Volkswagen is nearly doubling the employment at its Chattanooga, Tenn. plant, bringing a new SUV and 2,000 jobs to its only U.S. factory.
The German automaker says it is investing $600 million in the plant to build the seven-passenger vehicle by the end of 2016.
The plant, which opened in 2011, has about 2,400 workers currently. It has become the center of the United Auto Workers' efforts to organize workers at plants built in the South by foreign automakers.
After narrowly losing a vote to represent workers at the plant in February, the UAW announced last week it would still open a chapter at the plant who wanted to join the union on a voluntary basis. Anti-union politicians in the South have opposed any union organization.
VW says the new vehicle is a key to its plans to sell 800,000 cars in the United States by 2018, nearly double their U.S. sales volume last year.
"The fact that the new line is being announced four days after the rollout of UAW Local 42 in Chattanooga reinforces the consensus that the UAW has reached with the company.," said UAW Secretary-Treasurer Gary Casteel.
The union opponents criticized VW for being too willing to recognize the union.
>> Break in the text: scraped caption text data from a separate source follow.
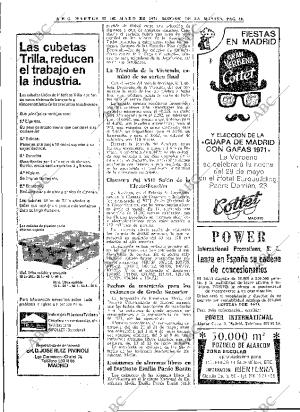 ABC MADRID 25-05-1971 página 48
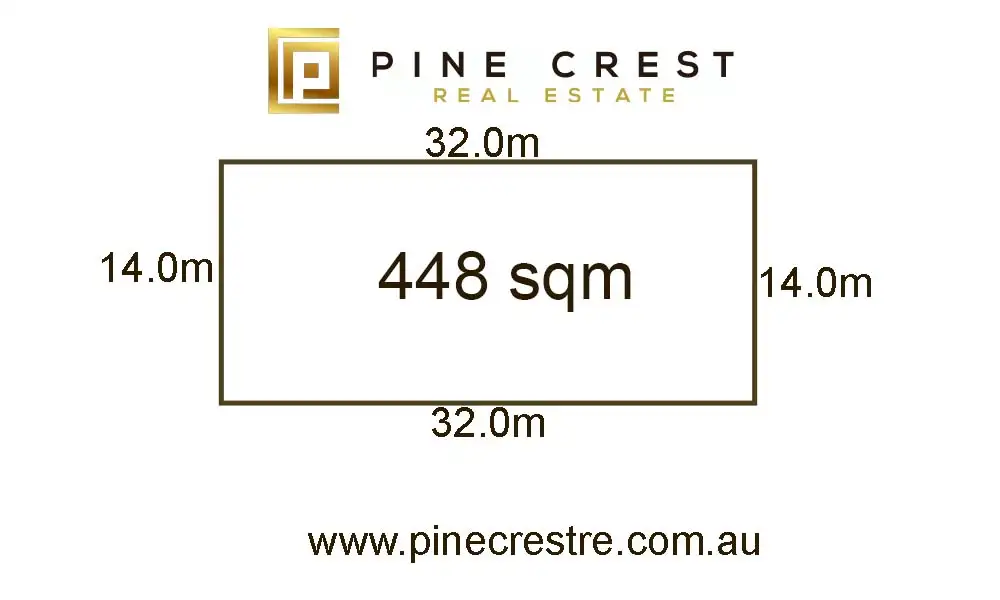 Main view of Homely land listing, LOT 215, 35 Buckingham Blvd, Strathtulloh VIC 3338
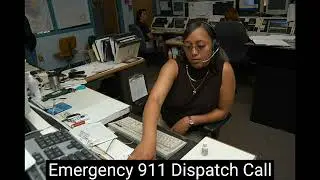 Emergency 911 Dispatch Call Sound Effect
Unlike most employers who fight against union representation of its work force, VW was willing to accept a union out of a desire to set up "works councils" at the plant which can come up with methods to make the plant more efficient. U.S. labor law makes establishing a works council difficult without union representation for its workers.
Even with the union's latest move to represent VW workers, the state agreed to contribute a $178 million in state funds for site development and preparation as well as training new employees.